Thursday, 12 April 2012


[to Kristen] 

What is adulthood?
It is many things, but not
knee scrapes, shoe strings,
not paper crown kings,
not stone flinging shot-slings.

And slippery! Hands are troubled to cling 
to objects enduring,
(save, maybe to worrying
for what sunrise could bring.) 

Moreover, it gives so many once-held things
In pairs!
And dares it to pare 
bonded things
together once weld' 
in rings. 

Others, still, it weds.
No matter how foe-like,
it beds 
No matter how it stings.

[It is when the having of an ordinary joy
becomes a skill,
even an art of the mind]


My present joy,
Like a winged grasshopper 
in a July day field.

To you the tall grasses are grossly tall.
I see you leap, span wings, and fall
haphazardly to ground below.

Everything is large to you and up and close.
When the wind blows, it blows;
the sun almost too greatly shines;
the dew drop really glows.

The black bird can snatch you up in a blink!
How fast the link
to life is cut.

Your little life is spent looking, is it not? 
You have a season
to befriend the trees once,
maybe for a mate to hunt
a victory to flaunt,
defy an ought,
But you’ve not 
the reason.

For you, to live is to see- to search
to keep the mouth full- to chirp
into the wind.

I watch from afar,
aware of all the out-about dangers that befall
your kind.

I can not help.

Come I near
your wings’ll span with fear
and you’ll flutter away.
I’ll have to turn my back
til you come back.
(I hope you do.)

You will.

jordan dejonge

Saturday, 7 April 2012

On the Death of God

I said to my soul, be still, and let the dark come upon you
Which shall be the darkness of God. As in a theatre,
The lights are extinguished, for the scene to be changed.
With a hollow rumble of wings, with a movement of darkness on darkness,
And we know that the hills and the trees, the distant panorama
And bold imposing facade are all being rolled away-
Or, as when an underground train, in the tube, stops too long between
[East Coker]

On Holy Saturday, God lies dead in the tomb. Exposed and weak, he had cried out on the cross with a cry of abandonment, maybe even despair. With most of his friends having forsaken him, he gave up his spirit. 
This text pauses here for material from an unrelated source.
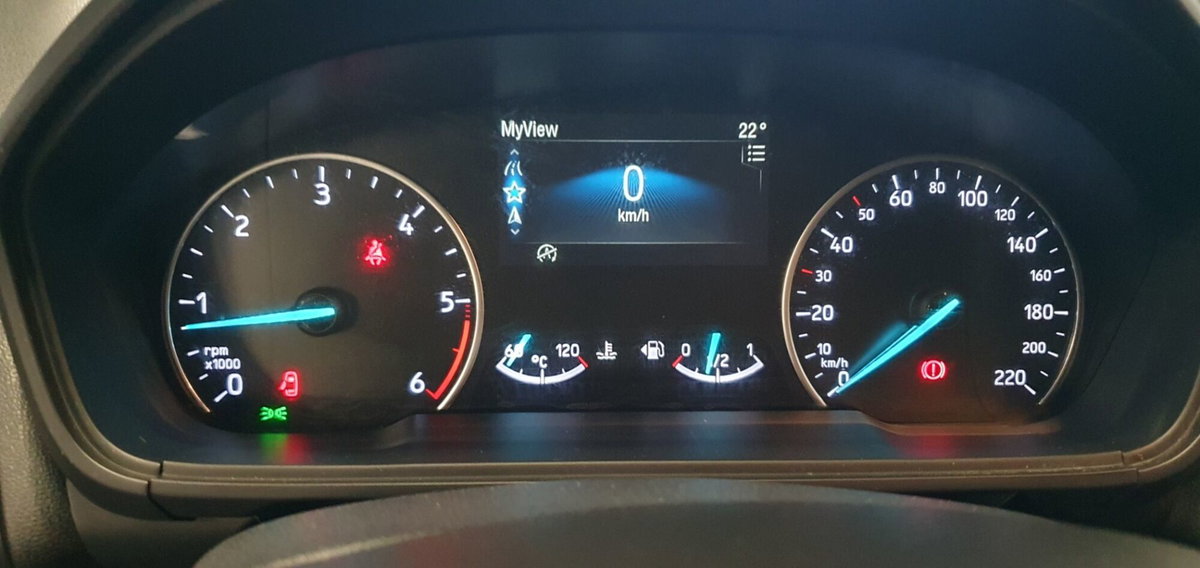 Ford EcoSport 1.5 Ecoblue 100 CV Start&Stop ST-Line (9)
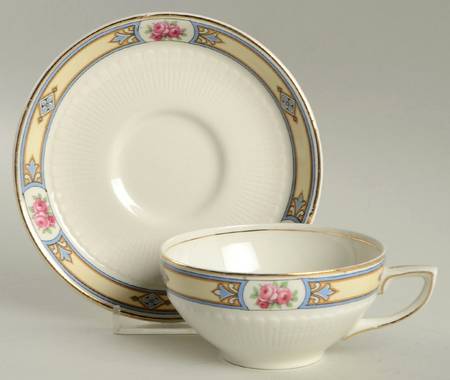 Rosemary Flat Cup & Saucer Set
Yes, it is true, in John's Gospel he more soberly states, "it is finished".But what is finished is the humiliation of God and therefore the transformation of the very idea of God. The curtain has been rent in two. In a sense, God has profaned Himself, because He is pushed outside the centrality which we  claim for him and is identified with the peripheral. All can be included in Jesus because Jesus does not stand as king at the centre, on the Throne in the Hall, but wades through the spiralled throngs of hierarchy until he  stands at the outermost edge where he is made a thing despised, rejected and stricken. This is the scandal that other Abrahamic traditions have never understood, unable as they are to see the divinity in the symmetry between the God above our heads in unimaginable glory and the God crushed under the Roman boot; the God of the visions of Ezekiel and Isaiah on the moving chariot-throne, radiating a holiness that forces even the Seraphim to close their eyes, and the God whose bloodied and observable countenance forces the women to close their eyes in grief. The exalted and the despised are, together, one God. The centre is equivocated with the edge.  Those who can not see the beauty in this, or are not even moved by the faintest stir of curiosity, are lacking in a creative appreciation of thought. 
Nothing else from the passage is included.